EXERCISE: The required output is a verbatim transcription of the listing, pictures excluded.

AVAILABLE DATA:
______
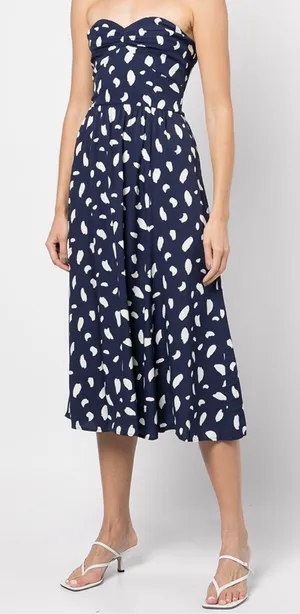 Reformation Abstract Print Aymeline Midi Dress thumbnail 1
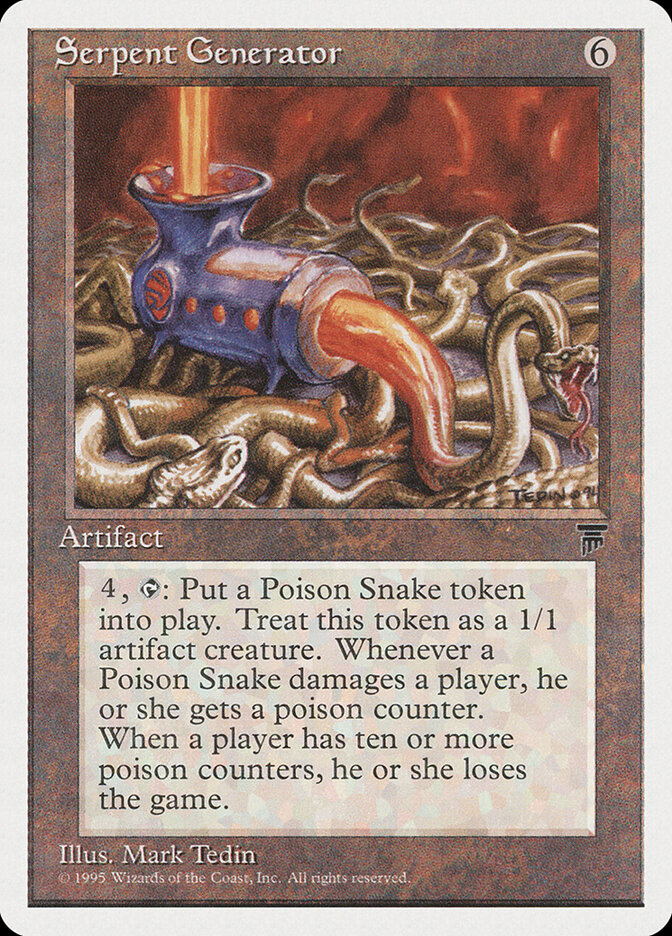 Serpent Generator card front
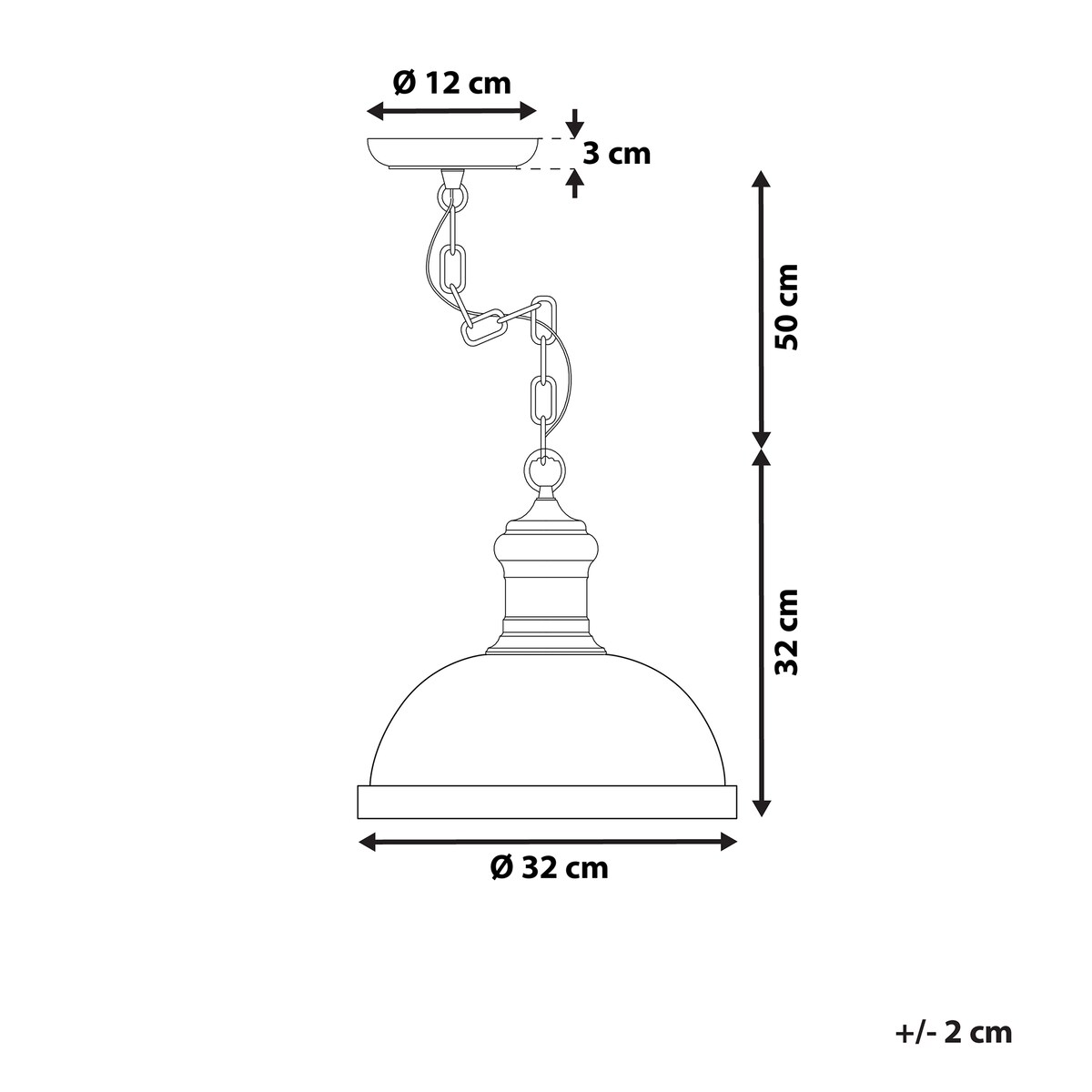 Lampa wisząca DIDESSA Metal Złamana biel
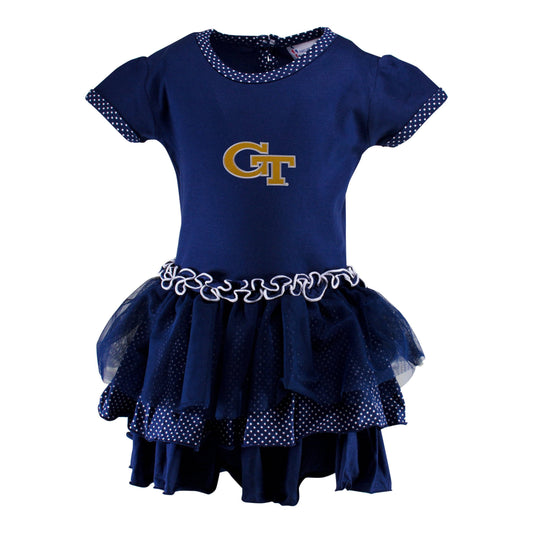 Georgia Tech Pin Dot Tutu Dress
______
YOUR SOLUTION:
 Reformation Abstract Print Aymeline Midi Dress thumbnail 1
 Serpent Generator card front
 Lampa wisząca DIDESSA Metal Złamana biel
 Georgia Tech Pin Dot Tutu Dress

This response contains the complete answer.